• Provided material

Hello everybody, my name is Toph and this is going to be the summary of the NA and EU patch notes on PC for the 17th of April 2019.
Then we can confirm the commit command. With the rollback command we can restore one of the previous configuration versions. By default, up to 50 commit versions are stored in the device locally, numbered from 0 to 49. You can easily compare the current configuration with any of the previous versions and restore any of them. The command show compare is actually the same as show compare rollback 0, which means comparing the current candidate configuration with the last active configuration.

---

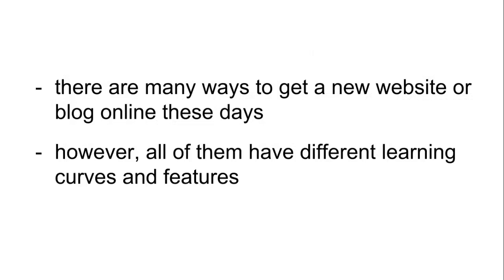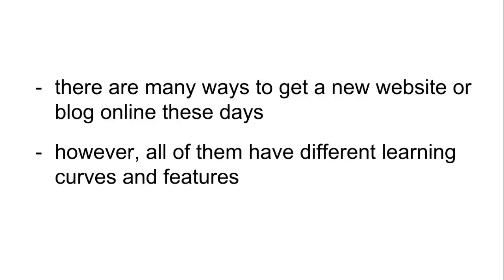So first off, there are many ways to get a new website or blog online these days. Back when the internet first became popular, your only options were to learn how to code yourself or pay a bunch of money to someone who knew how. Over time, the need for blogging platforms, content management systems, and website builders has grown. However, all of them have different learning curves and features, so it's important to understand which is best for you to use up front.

• Exercise prompt
All that is wanted is a faithful reproduction of the line above with "Hello everybody, my", the line with "Then we can", and every line in between.

• Response area
Hello everybody, my name is Toph and this is going to be the summary of the NA and EU patch notes on PC for the 17th of April 2019.
Then we can confirm the commit command. With the rollback command we can restore one of the previous configuration versions. By default, up to 50 commit versions are stored in the device locally, numbered from 0 to 49. You can easily compare the current configuration with any of the previous versions and restore any of them. The command show compare is actually the same as show compare rollback 0, which means comparing the current candidate configuration with the last active configuration.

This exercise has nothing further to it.